Sur le chiffre global de 16 000 additifs, 4 000 ont une toxicité connue, relève auprès de franceinfo Hervé Raps, médecin délégué à la recherche au centre scientifique de Monaco. "Ecartons déjà ceux-là dans un premier temps avant de nous occuper des 12 000 autres", suggère ce coauteur d'un rapport analysant les "impacts négatifs des plastiques sur la santé et le bien-être humain".

Parce que les microplastiques peuvent s'imprégner d'autres polluants

En plus de leur nocivité propre, les nanoplastiques et microplastiques peuvent être les chevaux de Troie d'autres substances dangereuses, remarque Muriel Mercier-Bonin. Au gré de leur parcours, ils peuvent rencontrer d'autres produits dans l'air, dans l'eau ou dans les sols, s'en imprégner et les transporter, y compris dans des organismes.

"Ils peuvent absorber des contaminants, des polluants environnementaux, comme des métaux lourds."

Muriel Mercier-Bonin, chercheuse en toxicologie alimentaire

à franceinfo

En outre, il peut se produire des "effets cocktail". Sonja Boland a évoqué devant les parlementaires un microplastique atmosphérique qui, couplé avec un autre polluant retrouvé dans l'air, présentait une dangerosité nouvelle que les composants ne possédaient pas séparément. Des combinaisons encore mal connues et potentiellement nombreuses.

Parce qu'il est compliqué de jauger l'exposition

Comme les microplastiques et nanoplastiques peuvent s'ingérer, s'inhaler ou se trouver au contact de la peau, et que tout cela varie selon les modes de vie, il devient complexe d'évaluer les risques. "Une personne qui mange souvent des produits à emporter n'a pas la même exposition que celle qui ne le fait pas ou peu", illustre Muriel Mercier-Bonin. L'air urbain est davantage chargé en microplastiques et nanoplastiques que celui de la campagne, a rappelé Sonja Boland au Sénat, soulignant que "l'inhalation est au moins aussi importante que l'ingestion".

A cela s'ajoutent les difficultés techniques à mesurer les nanoplastiques dans le corps humain, notamment dans les poumons, alors que ce sont des organes où les scientifiques s'attendent à en trouver de façon importante.

Pour éviter l'inertie, Hervé Raps appelle la communauté internationale à prendre des mesures fortes au nom du principe de précaution. "Même si c'est compliqué, même si nous ne pouvons pas tout affirmer à 100%, nous constatons maintenant trop de cancers, de maladies métaboliques, de troubles de la fertilité", plaide-t-il. Pour lui, l'éventuel lien entre les microplastiques et nanoplastiques et divers maux affectant la santé humaine est à prendre au sérieux.

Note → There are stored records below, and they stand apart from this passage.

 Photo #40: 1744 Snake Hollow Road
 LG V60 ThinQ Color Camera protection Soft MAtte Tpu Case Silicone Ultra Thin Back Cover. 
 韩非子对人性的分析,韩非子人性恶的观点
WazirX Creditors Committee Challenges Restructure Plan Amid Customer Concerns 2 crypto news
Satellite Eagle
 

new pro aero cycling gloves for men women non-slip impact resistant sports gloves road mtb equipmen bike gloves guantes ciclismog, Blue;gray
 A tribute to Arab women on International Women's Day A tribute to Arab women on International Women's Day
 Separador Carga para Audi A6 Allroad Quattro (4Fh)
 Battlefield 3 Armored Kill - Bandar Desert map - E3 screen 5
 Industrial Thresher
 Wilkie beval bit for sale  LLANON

"Si vous regardez les courbes de maladies chroniques, de troubles de la puberté, de troubles développementaux chez les enfants, toutes ces courbes sont en progression depuis les années 1950."

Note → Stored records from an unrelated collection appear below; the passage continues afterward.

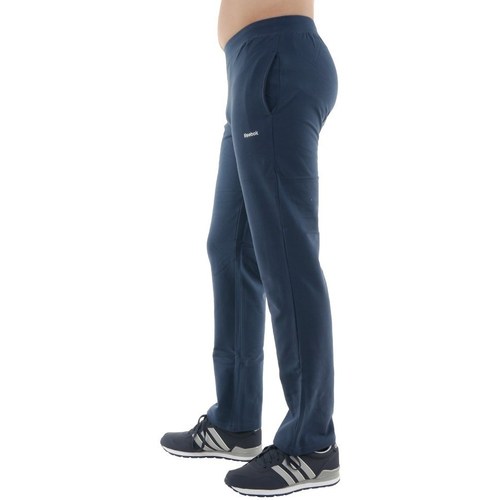 Vêtements Homme Pantalons Homme | Athletic Pants - VB59989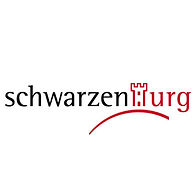 web_schwarzenburg-logo.jpg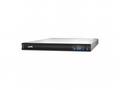 APC Smart-UPS 1500VA LCD RM 1U 230V (1000W)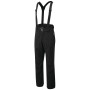 Pantaloni da uomo Dare 2b Achieve II nero Black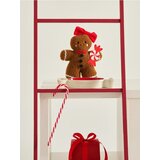 Sinsay Božićni ukras | shoptok.hr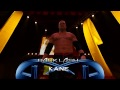 WWE 2K15 Community Showcase: Kane '04 (Xbox One)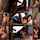 amateur teen brunette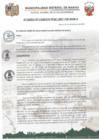 Vista preliminar de documento ACUERDO DE CONCEJO 41.pdf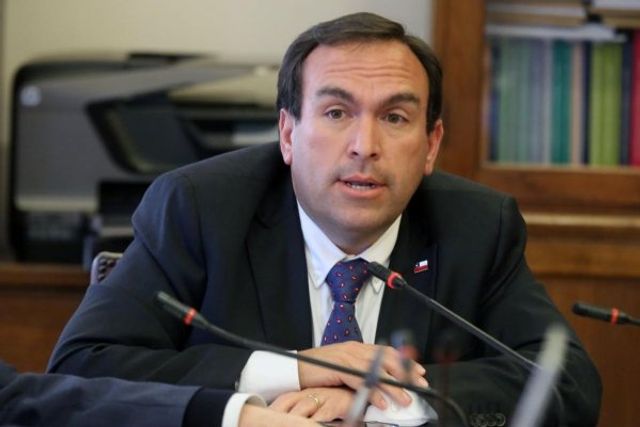 Felipe_Donoso_UDI Felipe_Donoso_UDI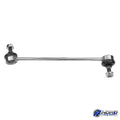 NORD AUTO PARTS product image — SKU 230 04 4215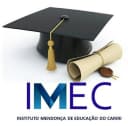 IMEC- INSTITUTO MENDONÇA DO CARIRI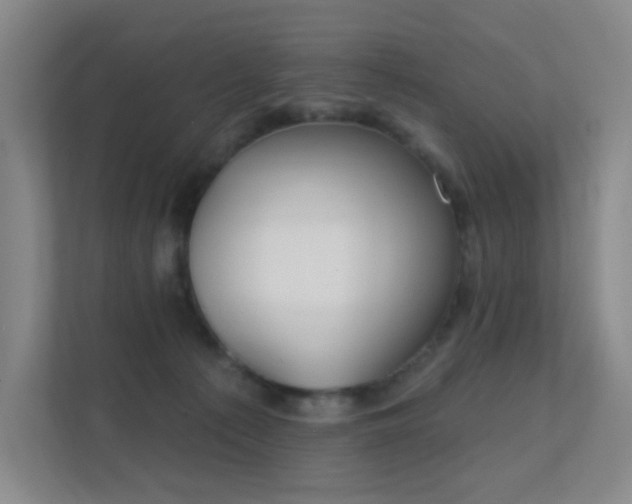 X0000112020225200908101409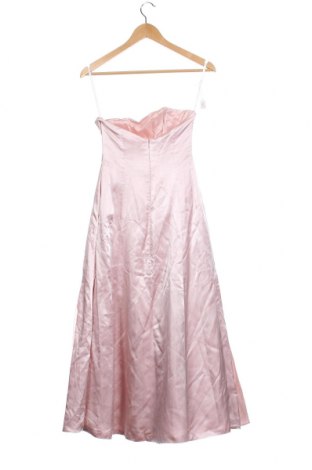 Šaty  Alvina, Veľkosť M, Farba Ružová, Cena  21,38 €
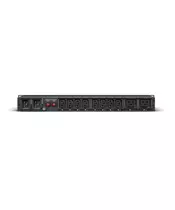 CyberPower VA PDU 10 Outlets Auto Trn Switch SNMP/Sensor PDU44005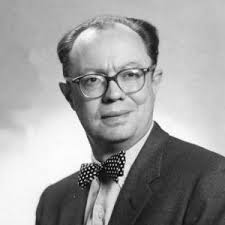 Review: Rocket to the Morgue by Anthony Boucher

Hervé Raps, médecin délégué à la recherche au centre scientifique de Monaco

à franceinfo

"Il existe sûrement plein de facteurs mais les courbes sont parallèles à l'augmentation des produits chimiques et l'augmentation des produits plastiques", insiste-t-il. Un constat inquiétant, alors que la production de plastique doit doubler d'ici 2040 et tripler d’ici 2060.